Go over the records and copy every line with the string "this".

Dataset entries:
++++++++++
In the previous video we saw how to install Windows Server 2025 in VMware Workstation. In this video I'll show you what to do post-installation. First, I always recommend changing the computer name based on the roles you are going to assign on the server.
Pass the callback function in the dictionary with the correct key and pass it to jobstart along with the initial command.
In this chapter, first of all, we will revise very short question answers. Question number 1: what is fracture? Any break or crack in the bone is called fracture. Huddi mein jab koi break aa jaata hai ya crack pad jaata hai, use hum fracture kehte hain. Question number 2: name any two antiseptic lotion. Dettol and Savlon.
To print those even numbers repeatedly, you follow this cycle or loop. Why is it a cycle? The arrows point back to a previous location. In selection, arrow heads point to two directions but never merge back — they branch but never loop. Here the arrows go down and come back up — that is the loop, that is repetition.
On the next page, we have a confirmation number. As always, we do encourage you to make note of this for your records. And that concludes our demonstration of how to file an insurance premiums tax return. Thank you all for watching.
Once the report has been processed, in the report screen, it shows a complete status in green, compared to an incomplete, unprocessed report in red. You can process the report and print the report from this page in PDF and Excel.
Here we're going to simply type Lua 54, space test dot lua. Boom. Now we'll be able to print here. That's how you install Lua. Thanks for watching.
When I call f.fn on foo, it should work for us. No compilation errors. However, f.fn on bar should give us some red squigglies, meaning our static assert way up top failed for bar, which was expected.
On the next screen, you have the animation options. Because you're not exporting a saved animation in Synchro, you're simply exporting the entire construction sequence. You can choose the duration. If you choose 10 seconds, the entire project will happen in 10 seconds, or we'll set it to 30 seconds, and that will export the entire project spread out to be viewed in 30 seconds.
++++++++++
### Problem solution
In the previous video we saw how to install Windows Server 2025 in VMware Workstation. In this video I'll show you what to do post-installation. First, I always recommend changing the computer name based on the roles you are going to assign on the server.
In this chapter, first of all, we will revise very short question answers. Question number 1: what is fracture? Any break or crack in the bone is called fracture. Huddi mein jab koi break aa jaata hai ya crack pad jaata hai, use hum fracture kehte hain. Question number 2: name any two antiseptic lotion. Dettol and Savlon.
To print those even numbers repeatedly, you follow this cycle or loop. Why is it a cycle? The arrows point back to a previous location. In selection, arrow heads point to two directions but never merge back — they branch but never loop. Here the arrows go down and come back up — that is the loop, that is repetition.
On the next page, we have a confirmation number. As always, we do encourage you to make note of this for your records. And that concludes our demonstration of how to file an insurance premiums tax return. Thank you all for watching.
Once the report has been processed, in the report screen, it shows a complete status in green, compared to an incomplete, unprocessed report in red. You can process the report and print the report from this page in PDF and Excel.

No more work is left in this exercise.